→ **Your objective**
An exact copy of the data below is needed; please leave out any pictures.

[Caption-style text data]
====

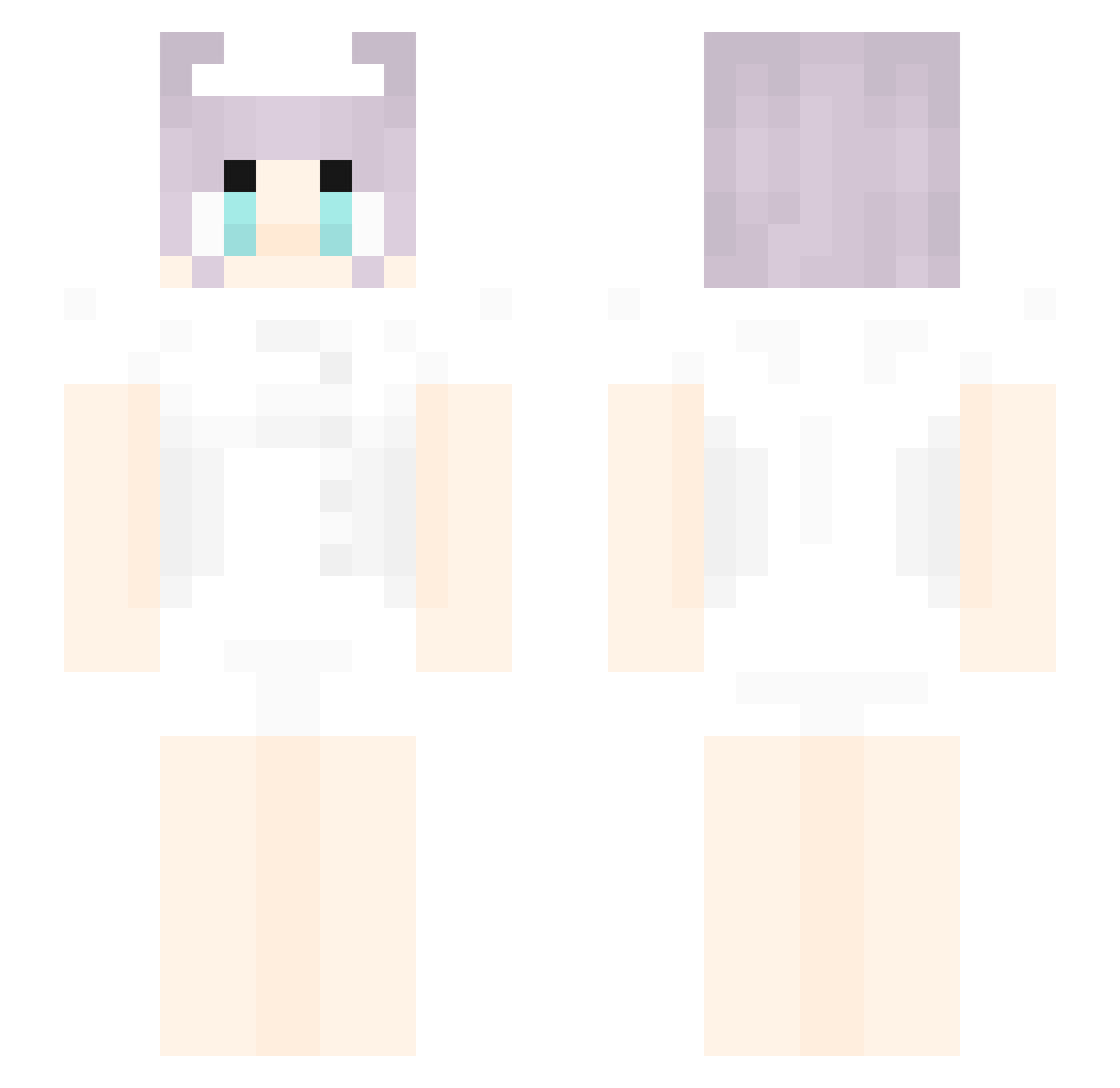 Alt_and_F4 Minecraft skin, front and back view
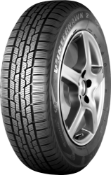Nahaufnahme der Lauffläche Firestone Winterhawk 2 EVO 205/60 R15 91 H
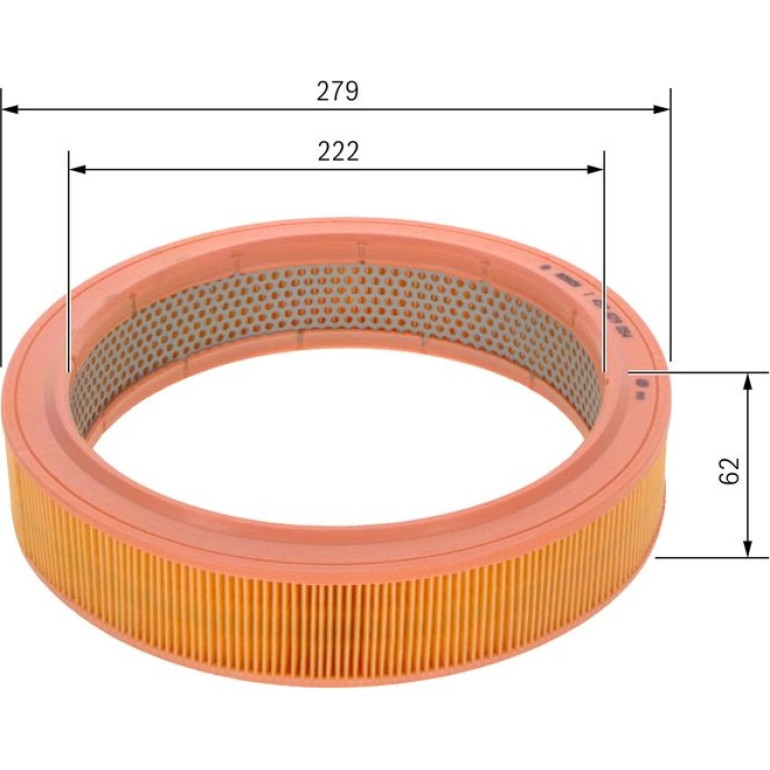 Luftfilter 1457429054 Luftfilter 1457429054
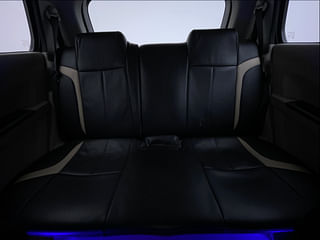 Used 2015 Maruti Suzuki Celerio VXI AMT Petrol Automatic interior REAR SEAT CONDITION VIEW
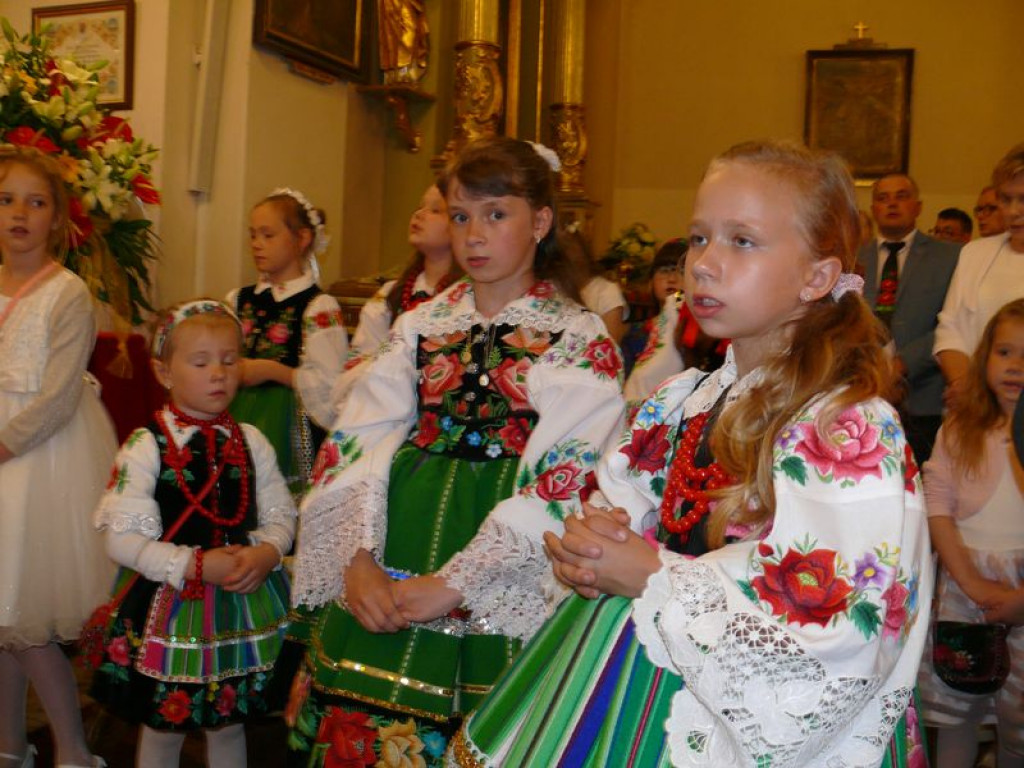 Czarna Madonna w Domaniewicach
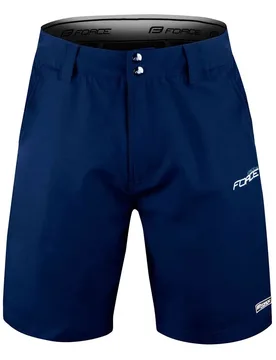 Pantaloni Corti Blade Mtb Navy - FORCE - FashionsVida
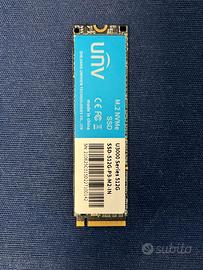 Flash M.2 NVMe SSD Uniview SSD-512G-P3-M2-IN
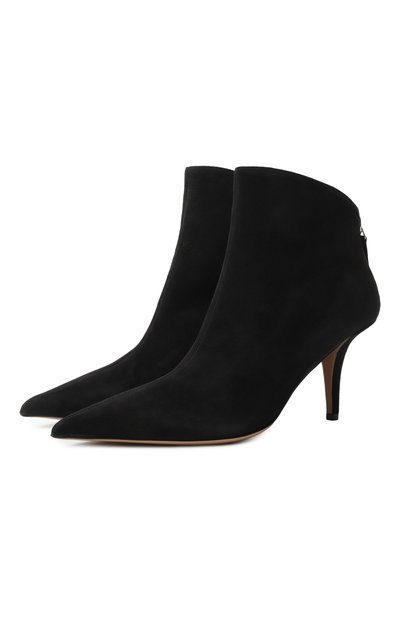 Женские замшевые ботильоны jessica 75   PARIS TEXAS, арт. PX1734/XSA04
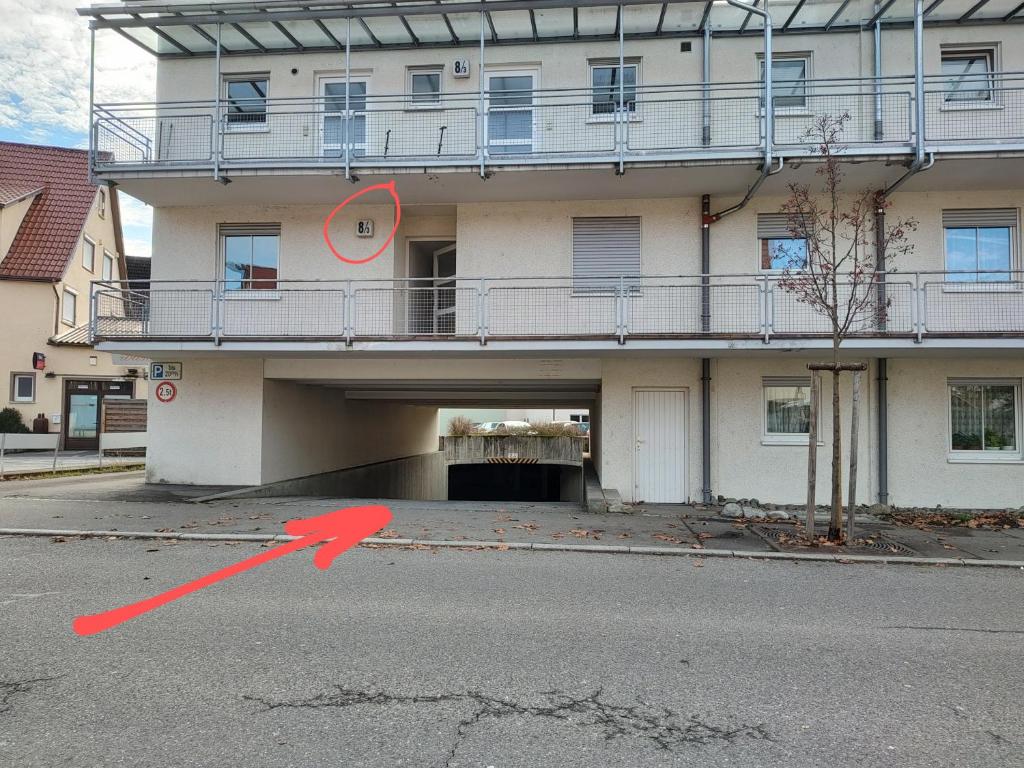 Budova, kde se apartmán nachází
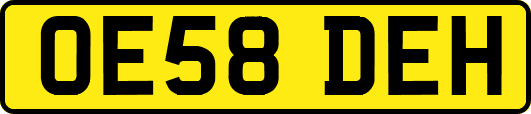OE58DEH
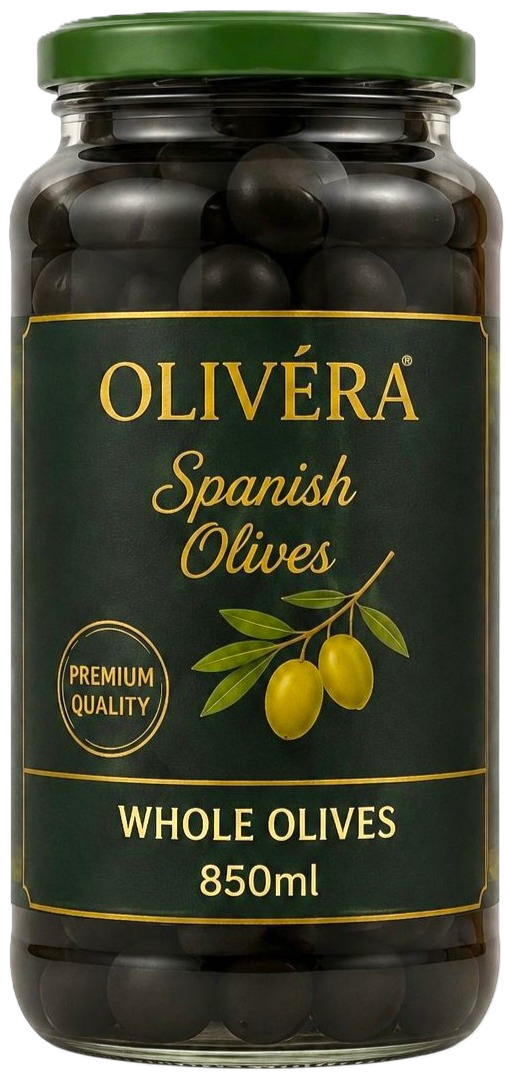 Black Whole Olives
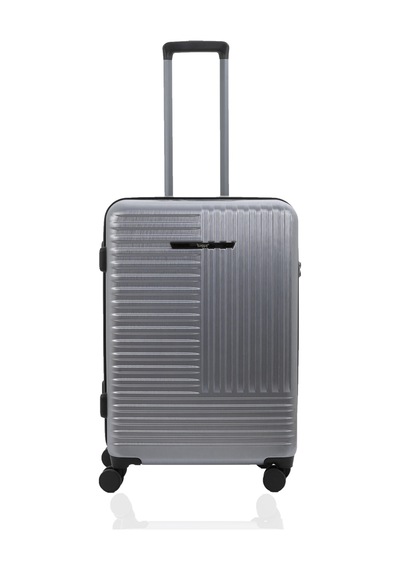Baggaj V2404 Pc Valiz Set Sılver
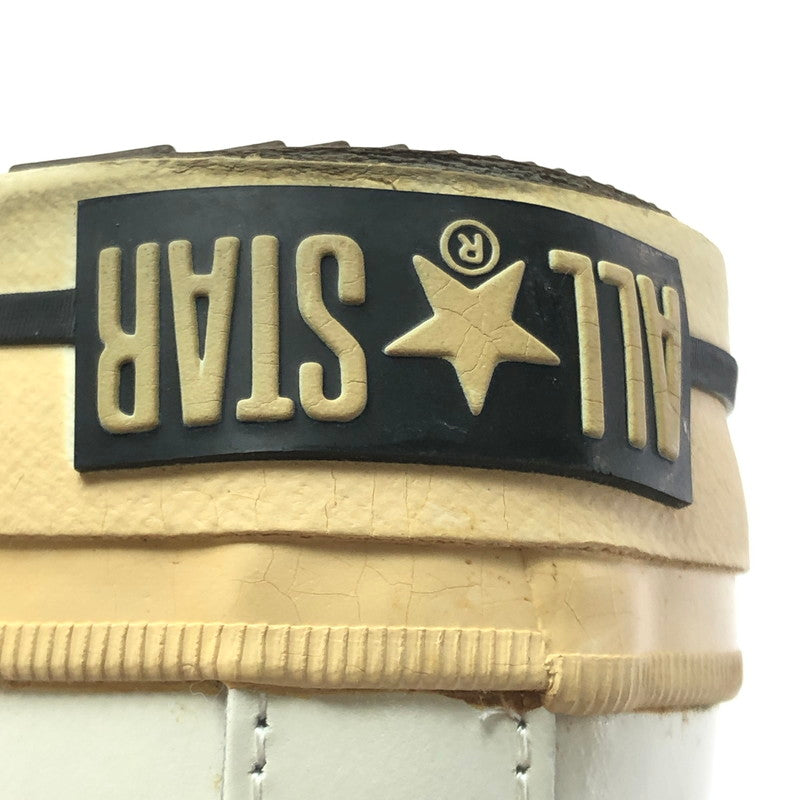 【現状渡し品】【メンズ】 CONVERSE コンバース ONE STAR ワンスター スニーカー 靴 162-260605-na-12-tagh サイズ：8 カラー：WHITE/BLACK 万代Net店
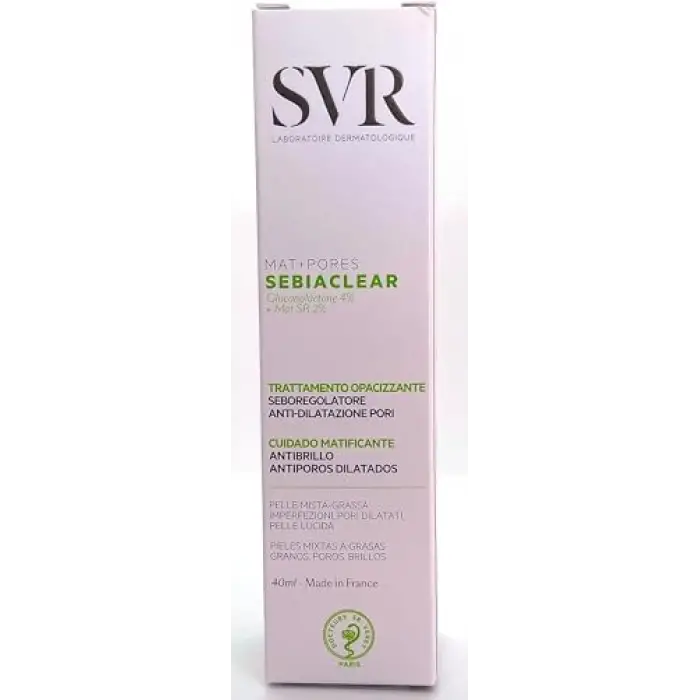 Sebiaclear Matifica + Poros Crema 40 ml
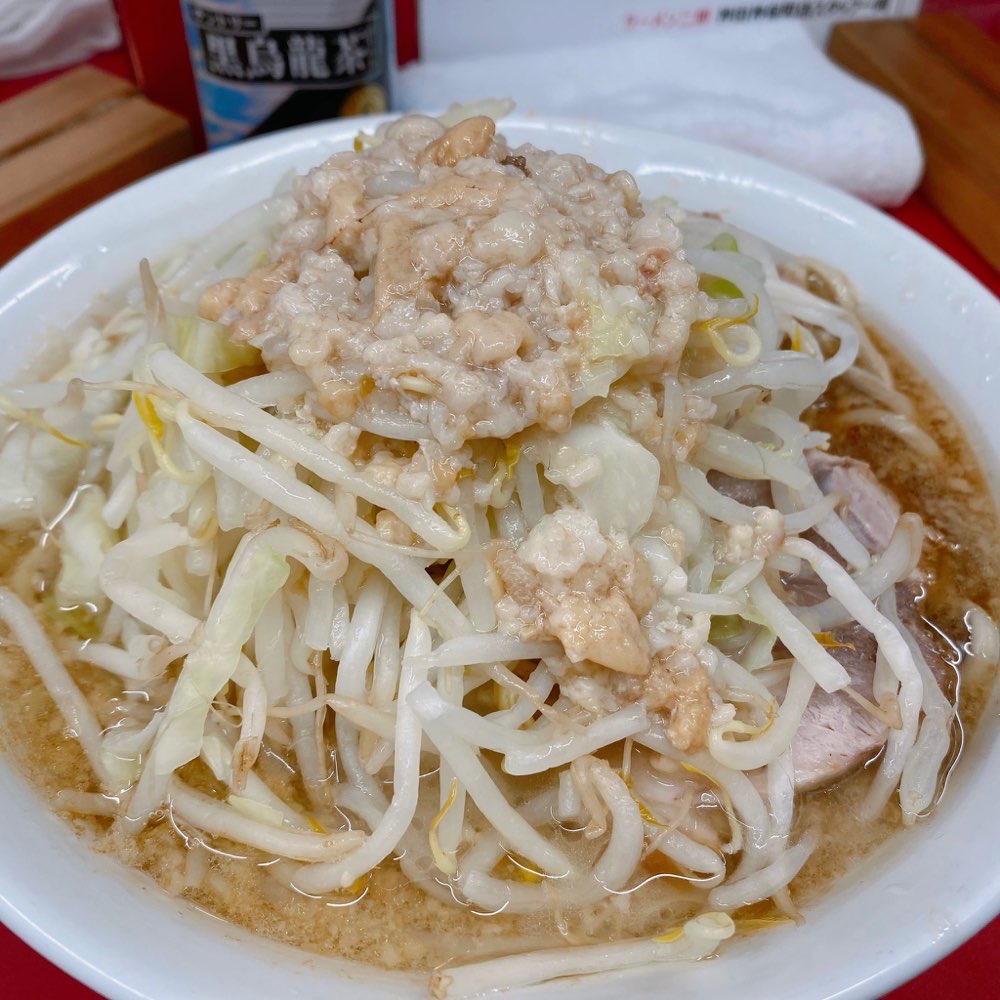ラーメン二郎 神田神保町店のジロ活写真 5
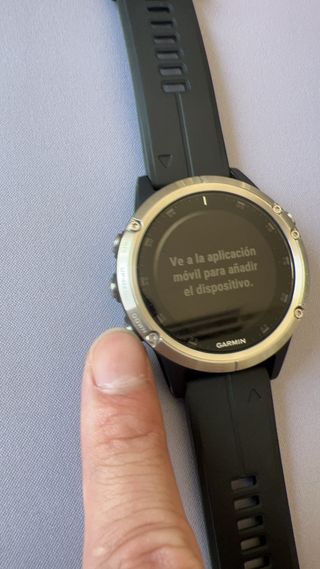 GARMIN FENIX 5 PLUS  COMO NUEVO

====

→ **Exercise result**
 Alt_and_F4 Minecraft skin, front and back view
Nahaufnahme der Lauffläche Firestone Winterhawk 2 EVO 205/60 R15 91 H
 Luftfilter 1457429054 Luftfilter 1457429054
 Used 2015 Maruti Suzuki Celerio VXI AMT Petrol Automatic interior REAR SEAT CONDITION VIEW
 Czarna Madonna w Domaniewicach
 Pantaloni Corti Blade Mtb Navy - FORCE - FashionsVida
 Flash M.2 NVMe SSD Uniview SSD-512G-P3-M2-IN
 Женские замшевые ботильоны jessica 75   PARIS TEXAS, арт. PX1734/XSA04
 Budova, kde se apartmán nachází
OE58DEH
 Black Whole Olives
Baggaj V2404 Pc Valiz Set Sılver
 【現状渡し品】【メンズ】 CONVERSE コンバース ONE STAR ワンスター スニーカー 靴 162-260605-na-12-tagh サイズ：8 カラー：WHITE/BLACK 万代Net店
 Sebiaclear Matifica + Poros Crema 40 ml
ラーメン二郎 神田神保町店のジロ活写真 5
 GARMIN FENIX 5 PLUS  COMO NUEVO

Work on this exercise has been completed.